Because the chunks are processed sequentially, one needs only to keep track o the sequence number of the chunk. Assume that the embedding matches with a chunk n, then it would follow that the most important context are the chunks localized at n - m and n + p. So find the top x chunks via hybrid embedding + full text match and expand outwards from each of the chunks to grab the chunks around it.

While a chunk may represent just a few sentences of a larger block of text, this strategy will grab possibly the whole section or page of text localized around the chunk with the highest match.

This works until relevant information is colocated. Sometimes though, for example in financial documents, important parts reference each other through keywords etc. That's why you can always try and retrieve not only positionally related chunks but also semantically related ones.

Go for chunk n, n - m, n + p and n' where n' are closest chunks to n semantically.

Moreover you can give this traversal possibility to your LLM to use itself as a tool or w/e whenever it is missing crucial information to answer the question. Thanks to that you don't always retrieve thousands of tokens even when not needed.

  •     > positionally related chunks but also semantically related ones
    

    That's why the entry point would still be an embedding search; it's just that instead of using the first 20 embedding hits, you take the first 5 and if the reference is "semantically adjacent" to the entry concept, we would expect that some of the first few chunks would capture it in most cases.

    I think where GRAG yields more relevancy is when the referenced content is not semantically similar nor even semantically adjacent to the entry concept but is semantically similar to some sub fragment of a matched chunk. Depending on the corpus, this can either be common (no familiarity with financial documents) or rare. I've primarily worked with clinical trial protocols and at least in that space, the concepts are what I would consider "snowflake-shaped" in that it branches out pretty cleanly and rarely cross-references (because it is more common that it repeats the relevant reference).

    All that said, I think that as a matter of practicality, most teams will probably get much bigger yield with much less effort doing local expansion based on matching for semantic similarity first since it addresses two core problems with embeddings (text chunk size vs embedding accuracy, relevancy or embeddings matched below a given threshold). Experiment with GRAG depending on the type of questions you're trying to answer and the nature of the underlying content.
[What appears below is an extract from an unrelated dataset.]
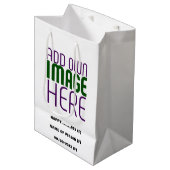 MODERNE BEWERKBARE EENVOUDIGE WITTE AFBEELDINGSTEK MEDIUM CADEAUZAKJE (Voorkant Gekanteld)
Don't get me wrong; I'm not saying GRAG has no benefit, but that most teams can explore other ways of using RAG before trying GRAG.

    • Neo4j graph rag is typically not graph rag in the AI sense / MSR Graph RAG paper sense, but KG or lexical extraction & embedding, and some retrieval time hope of the neighborhood being ok

      GRAG in the direction of the MSR paper adds some important areas:

      - summary indexes that can be lexical (document hierarchy) or not (topic, patient ID, etc), esp via careful entity extraction & linking

      - domain-optimized summarization templates, both automated & manual

      - + as mentioned, wider context around these at retrieval

      - introducing a more generalized framework for handling different kinds of concept relations, summary indexing, and retrieval around these

      Ex: The same patient over time & docz, and seperately, similar kinds of patients across documents

      Note that I'm not actually a big fan of how the MSR paper indirects the work through KG extraction, as that exits the semantic domain, and we don't do it that way

      Fundamentally, that both moves away from paltry retrieval result sets that are small/gaps/etc, and enables cleaner input to the runtime query

      I agree it is a quick win if quality can be low and you have low budget/time. Like combine a few out of the box index types and do rank retrieval. But a lot of the power gets lost. We are working on infra (+ OSSing it) because that is an unfortunate and unnecessary state of affairs. Right now llamaindex/langchain and raw vector DBs feel like adhoc and unprincipled ways to build these pipelines in a software engineering and AI perspective, so from an investment side, moving away from hacks and to more semantic, composable, & scalable pipelines is important IMO.